Em outubro de 1944, após a ocupação alemã da Hungria em março de 1944 e a deposição de Horthy em outubro, Ferenc Szálasi foi eleito primeiro-ministro e chefe de estado. Seu regime impôs a lei marcial, participou dos esforços de guerra da Alemanha e recomeçou o Holocausto na Hungria, que havia sido interrompido por Horthy. As primeiras execuções ocorreram em novembro pelas margens do Danúbio, que seria chamado de "o Cemitério Judaico". Quando o Exército Vermelho libertou Budapeste em fevereiro de 1945, cerca de 100.000 judeus da capital haviam sido assassinados em pogroms diários nos últimos meses.[4]

 
A Grande Sinagoga de Budapeste na Rua Dohány, a maior e mais monumental sinagoga da Europa.
 
Sapatos no Passeio do Danúbio - Memorial do Holocausto por Can Togay. [1]

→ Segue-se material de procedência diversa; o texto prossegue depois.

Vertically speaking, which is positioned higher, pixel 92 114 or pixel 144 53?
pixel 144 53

Apenas cerca de metade da população judaica de Budapeste emergiu viva no final da guerra. Outros 20.000 judeus voltaram dos campos de concentração. Muitos deixaram o país nos anos imediatos após a guerra e mais uma vez em 1956, mas Budapeste reinou como a maior comunidade judaica do bloco comunista fora da URSS. Desde 1989, houve um renascimento da atividade educacional, com cinco escolas elementares atualmente funcionando, bem como vários jardins de infância. Os estudos judaicos são ensinados em três universidades: ELTE, Universidade da Europa Central e na Universidade Judaica de Estudos Rabínicos em Budapeste (em húngaro: Országos Rabbiképző Intézet). O Museu Judaico e os arquivos judaicos estão alojados na Grande Sinagoga da Rua Dohány, e a Casa Comunitária Bálint apresenta palestras e outros eventos e é um foco da vida cultural judaica. O Centro Memorial do Holocausto na Sinagoga da Rua Páva foi aberto ao público em 2004, marcando o sexagésimo aniversário da tragédia. Um ano depois, o primeiro-ministro húngaro Ferenc Gyurcsany inaugurou um memorial àqueles que foram mortos no Danúbio. Sessenta pares de sapatos fundidos em ferro e colocados nas margens do rio.[3]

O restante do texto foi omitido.